The crypto industry needs to overcome its issues with bridge security, Kimberly Grauer, director of research at software company Chainalysis, said Monday on CoinDesk TV's “First Mover” program.
“Bridge security is an unresolved technical challenge in the industry,” Grauer said. In the crypto world, bridges is software that allows users to transfer assets between different blockchains. This type of software has been one of the most targeted parts of decentralized-finance (DeFi) platforms, Grauer added.
“The perception around that is not that there’s a honey pot of money, but a lot of funds stored in one place that are backing funds on another blockchain,” she said.
Non-centralized storage of money combined with bridge accessibility has made the software “a target,” she added.

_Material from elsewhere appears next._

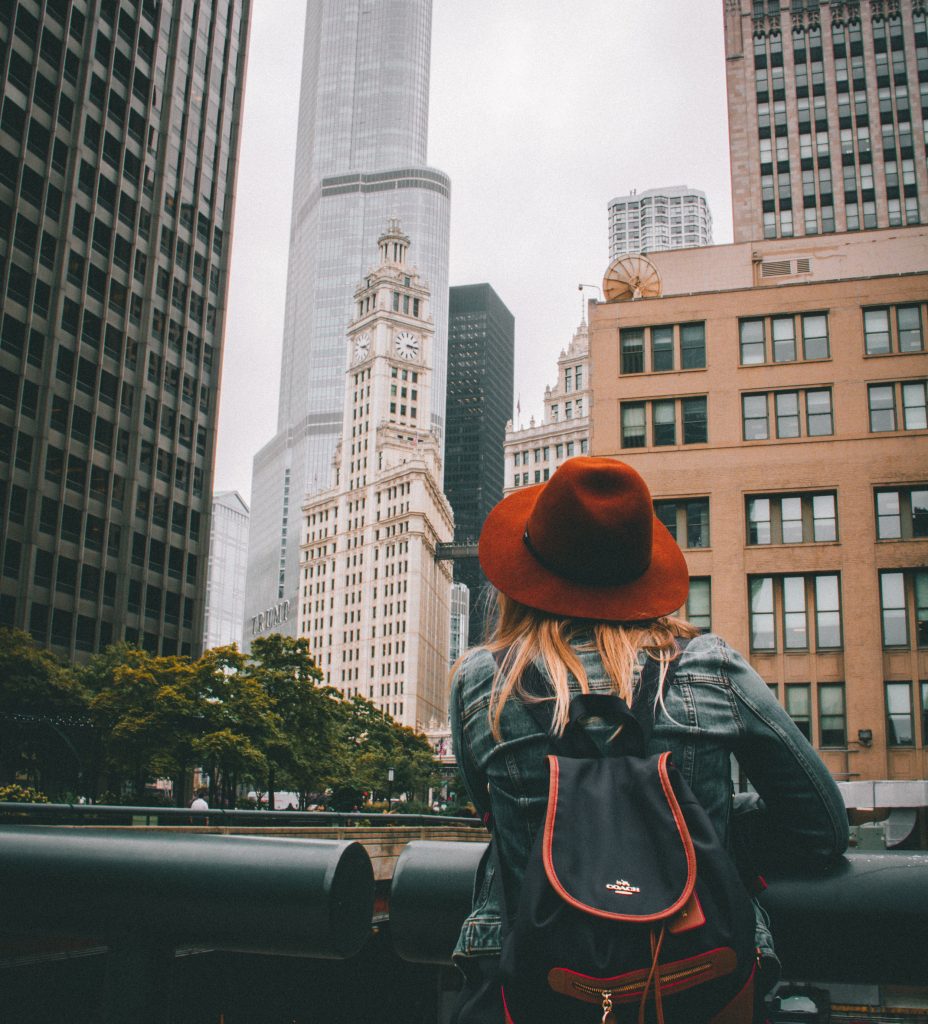 Professional in urban setting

According to Chainalysis, October has become the worst month for crypto hacks, with upward of $718 million being lost due to security-related crimes, and there's still two weeks left in the month.
That poses a “reputational risk” for investors and users, Grauer said, citing the most recent hack – which saw more than $100 million fizzle out of Mango, a DeFi platform that's based on the Solana blockchain (before eventually being returned) – as an example that could decrease consumer confidence in crypto.
“In order for people to comfortably invest in DeFi protocols,” industry figures must figure out better ways to build trust in blockchain technology by working together and making cybersecurity a priority, she said.
“It’s not just one protocol that was hacked that has impact, but it’s also the fact that you’re less eager to invest in an existing new protocol because the hacking concept is looming in your mind,” Grauer said.